Viewed nearly 50 years later (film displays a 1968 copyright) "The Wild Scene" is small beer, especially when compared to the often "far out" (to coin a phrase) movies made during the Psychedelic era. Its case studies are dull and shorn of impact in the soft-R 85-minute cut resurrected by Something Weird.
Feature purports to depict the 'erotic world of pills, protests and prostitution", taken from the files of Dr. Virginia Grant (played by very minor actress Alberta Nelson), who appears both as host and protagonist in the final vignette.
First case history involves a teen's suicide, in a story involving incest with daddy and mom's infidelity with her publisher.

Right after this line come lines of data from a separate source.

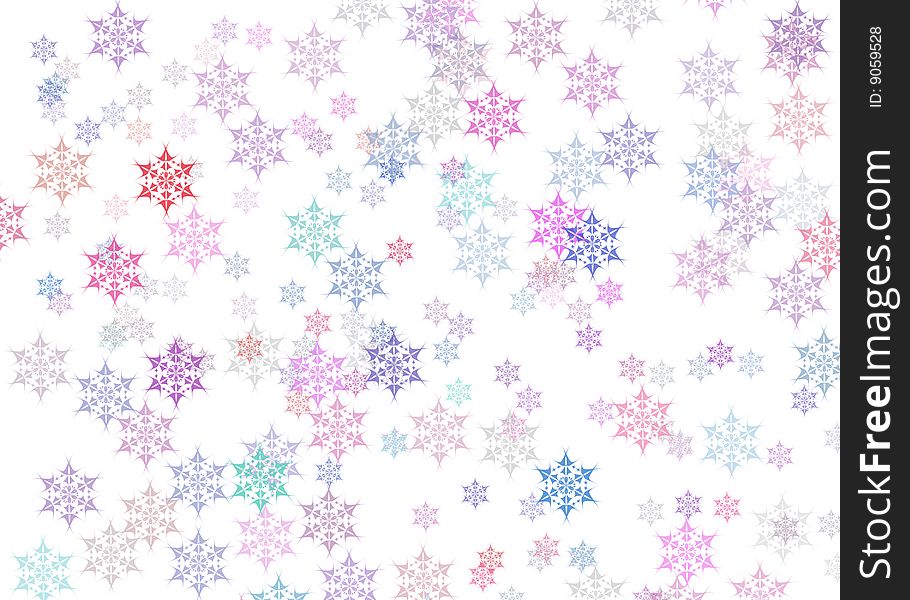 Colored snowflakes are featured in an abstract background illustration. Colored snowflakes are featured in an abstract background illustration.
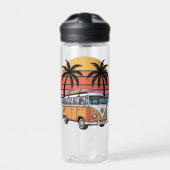 Retro Surf Van Sunset Vibes Trinkflasche (Vorderseite)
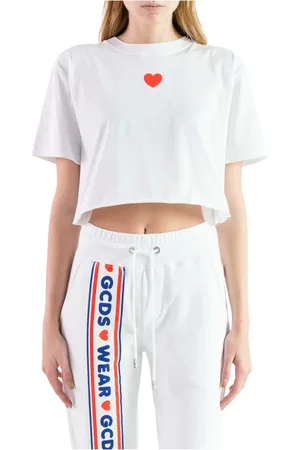 GCDS Koszulki, Kobieta, Biały, M, Koszulka z Logo z Bawełny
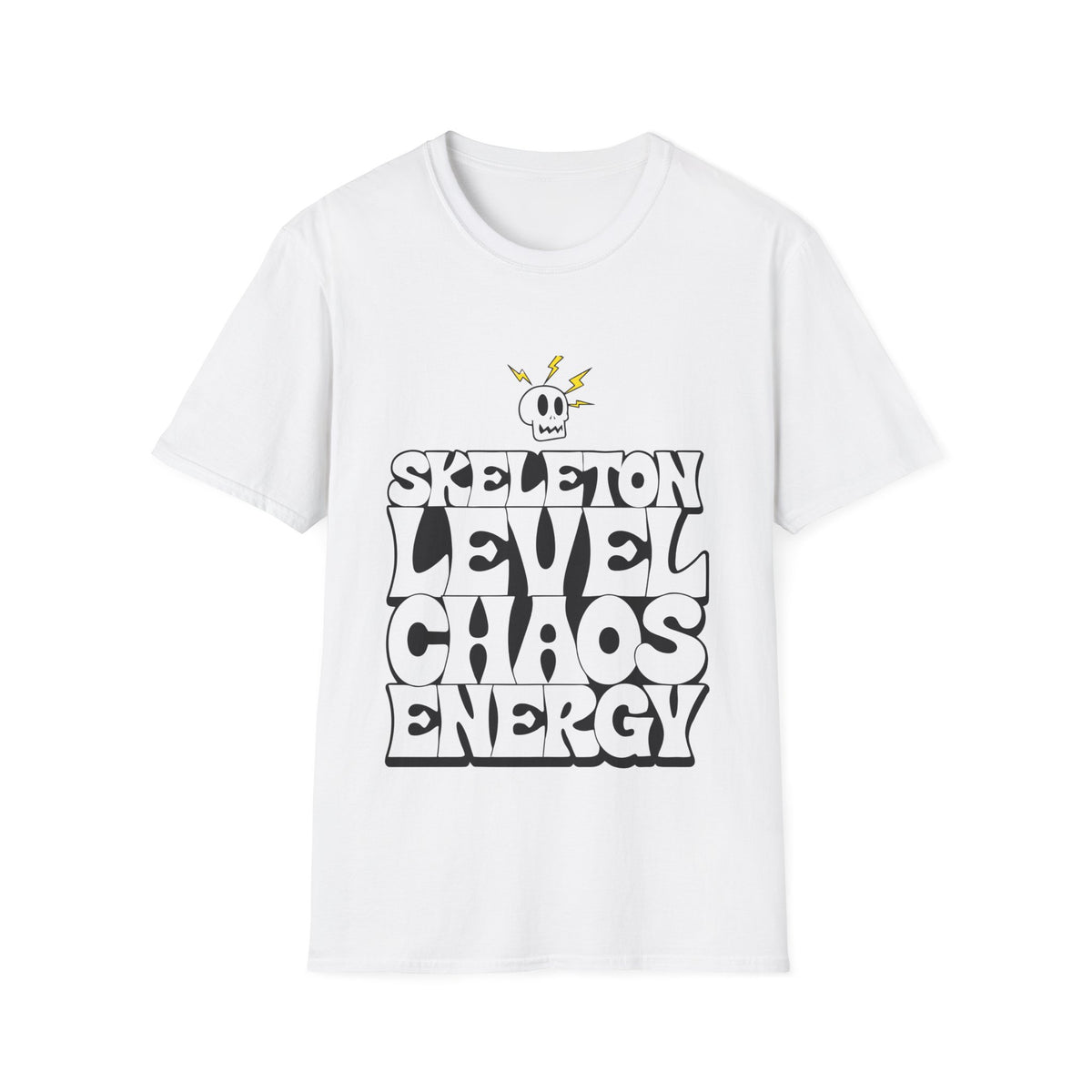 Skeleton Level Chaos Energy Retro Wavy T-Shirt - Y2K Funky Sarcastic Graphic Tee - Trending Now - September 2026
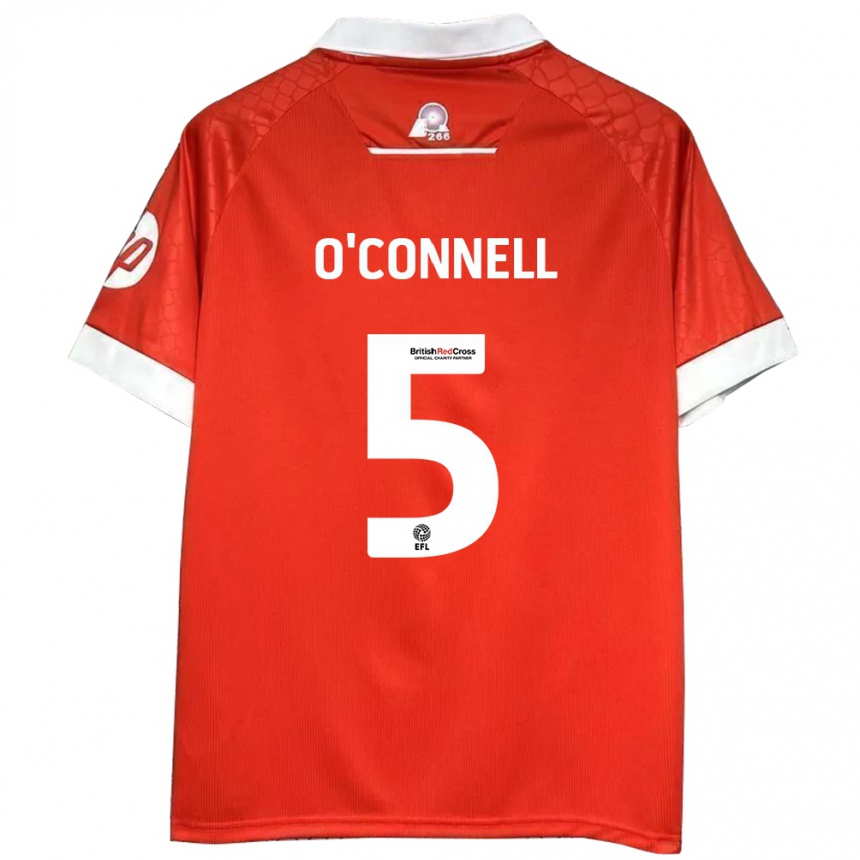 Kids Football Eoghan O'connell #5 Red White Home Jersey 2024/25 T-Shirt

This would seem fodder for some prime exploitation film content, but plays out in dull fashion.
Next up is a doctor's daughter who gets her hands on birth control pills and becomes a prostitute. Sounds like an ideologically motivated story idea advanced by Vice Prexy Pence, but he would have come up with a more interesting treatment. Like the first episode, the dull factor is a result of the case ending up with mere narration by Doc Virginia, as she reads her spiel into a tape recorder.
The distinctive and wonderful character actor Berry Kroeger (only "name" in the cast) hams it up as an old guy being insulted and humiliated by his mistress, who is two-timing him as a lesbian. Before the segment's climax of him getting off as a voyeur (watching the Sapphic clinch), we are treated to the mandatory cliché of protesters vs. police.
Finale is Virginia's own case, concerning her daughter. Watson is unconvincing going undercover to meet the segment's villain Hal (Gary Pillar, another no-name actor), who is a militant publishing an underground newspaper. At this point the movie predictably mocks the youth revolution of the time, sort of shooting itself in the foot as it would be a youth ("Easy Rider") audience that would be the target for the film if it were a good one. Virginia attends a party, a phony Hollywood version of what is supposed to be "hip". Hal ends up blackmailing Virginia, leading to a corny ending.
Trailer for the movie includes sexual content, entirely missing from the SWV print.